だからといって、東国原知事と同じことが他の知事にできるわけではない。
 高級官僚出身、国政からの転出、地方政界出身など知事の出自は様々だが、行政や政治のプロができないことを東国原知事はやってしまう。プロができないことを、あっさり実践している。それを県民や国民が求めているのだとしたら、多くの知事はこれまで目が届かなかったのは何なのかを、嫌でも考えさせられてしまう。
 知事の仕事は激務である。庁内、県議会の仕事だけでなく外部からの陳情は引きも切らない。地方分権改革が動き出して以来、全国知事会議は頻繁に開かれるようになったし、それに向けた戦術・戦略の打ち合わせもあれば、ブロック会議もある。
 そんな激務の身にもかかわらず、昨年の東国原知事は在京の民放テレビキー局の番組に頻繁に出演していた。忙しい県政の合間をぬって宮崎を留守にするわけだから、スケジュールは超人的だったであろう。

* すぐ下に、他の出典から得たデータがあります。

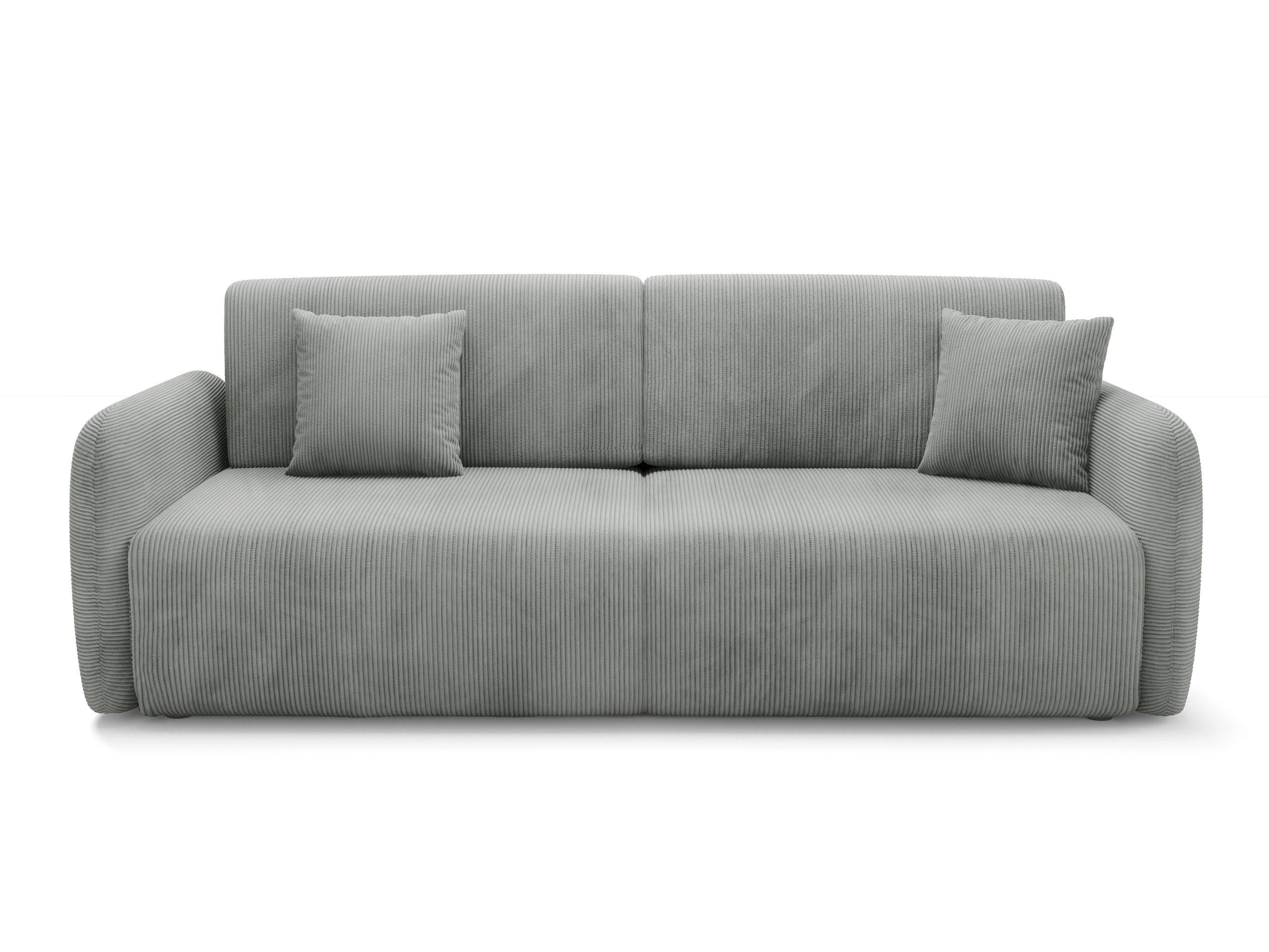 Sovesofa Franklin 191 (Poso 55)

東国原人気にあやかろうとする誘いは当分なくなりそうにない。今年初め、知事は1年目のような「PR行脚」を可能な限り抑えたいと言った。これまでのような分刻みのスケジュールを続けていては体がもたないだけでなく、県政のリーダーとしての仕事にも十分手が回らなくなる恐れがあるからだ。
 芸能タレントから知事になるのは珍しいことではないが、これまでは身の処し方に適切さを欠き短命で終わった知事がいた。
 世間の目は移ろいやすい。人気も支持率も、ちょっとしたきっかけで大きく動く。東国原知事といえども、油断は禁物である。